THE TASK:
In the material below, print every line exactly and omit the pictures.

── PROVIDED DATA ──

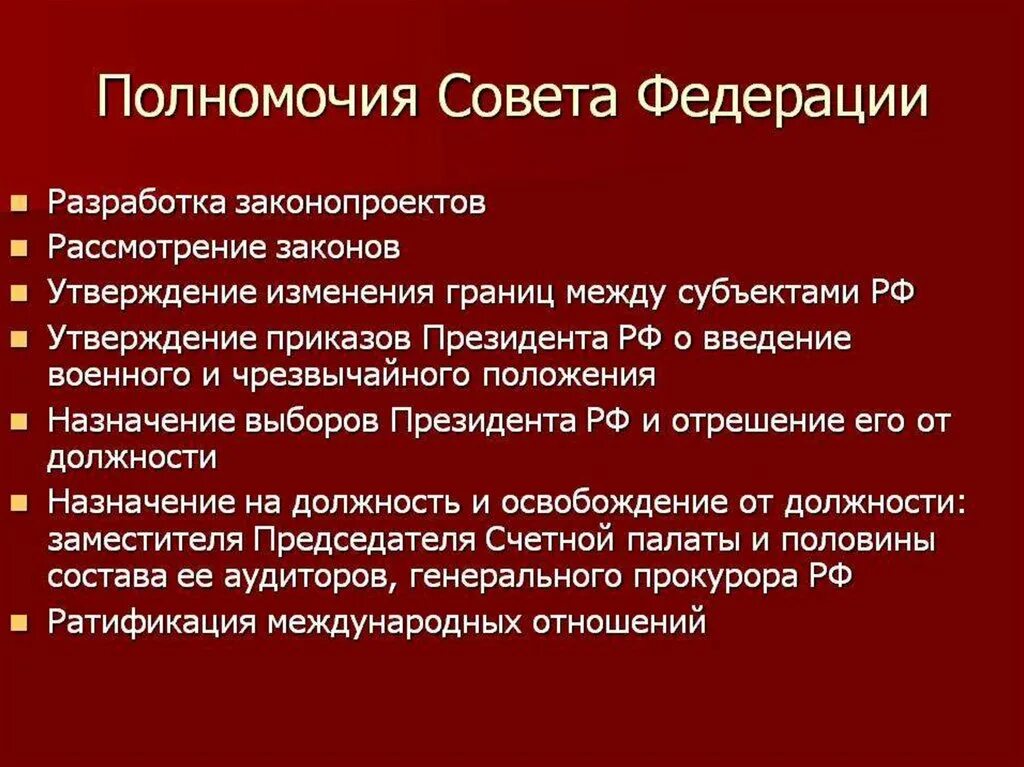 Срок полномочий депутата рф. Полномочия совета Федерации РФ по Конституции кратко. Конституционные полномочия совета Федерации РФ. Перечислите полномочия совета Федерации РФ. Назовите полномочия совета Федерации РФ.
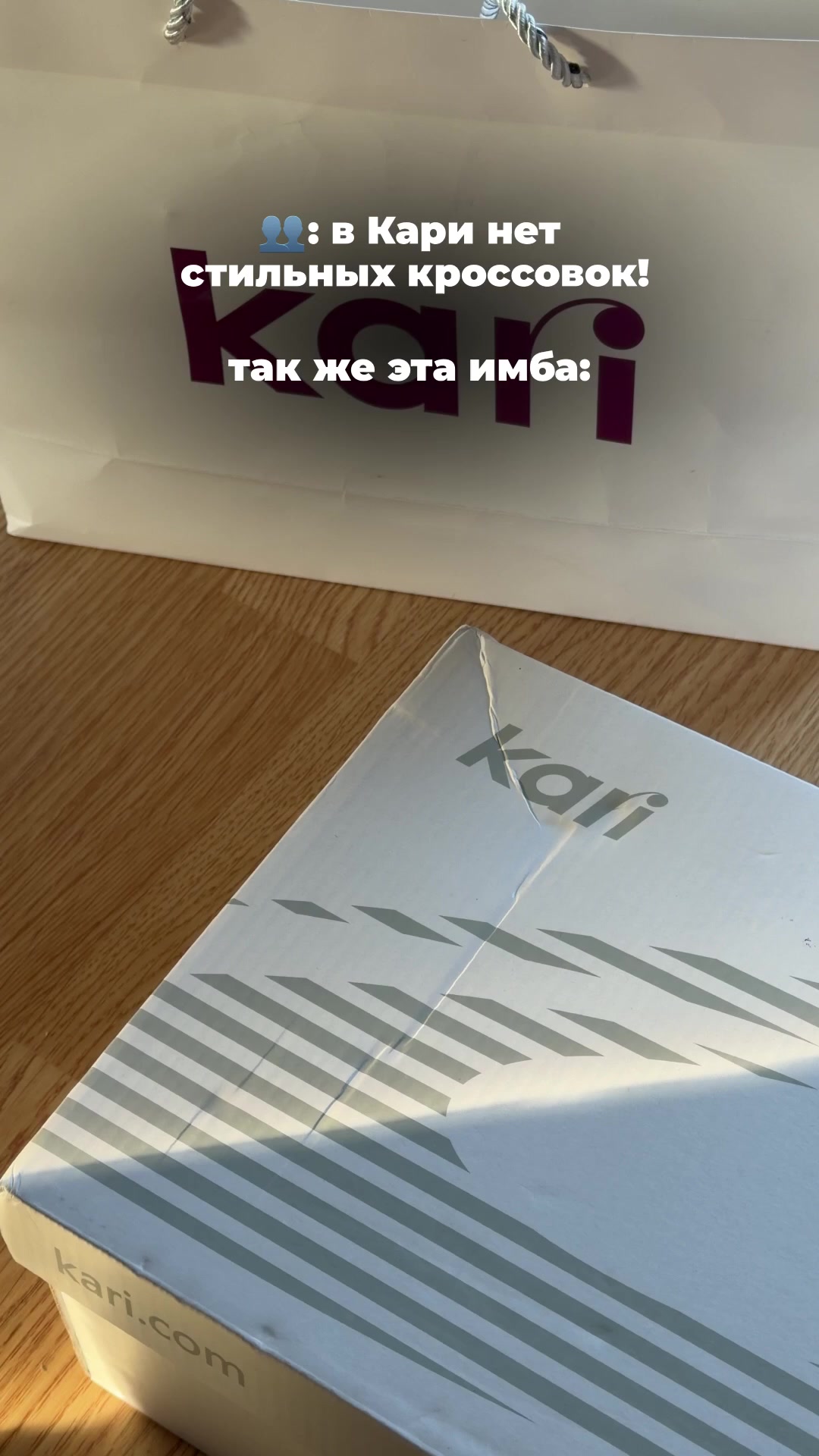 @nahodki_natali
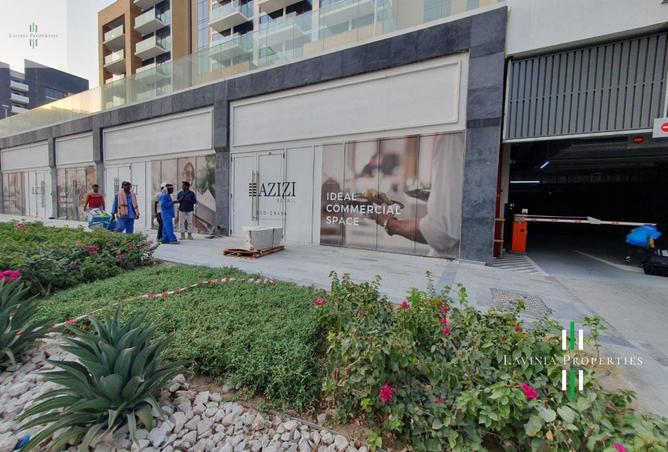 15637704 - صورة العقار 2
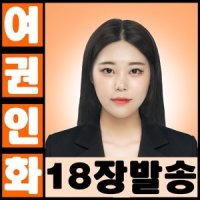 18장) 셀프 증명 여권 비자 취업 사진 인화 출력 합성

───

TASK SOLUTION:
 Срок полномочий депутата рф. Полномочия совета Федерации РФ по Конституции кратко. Конституционные полномочия совета Федерации РФ. Перечислите полномочия совета Федерации РФ. Назовите полномочия совета Федерации РФ.
 @nahodki_natali
 15637704 - صورة العقار 2
 18장) 셀프 증명 여권 비자 취업 사진 인화 출력 합성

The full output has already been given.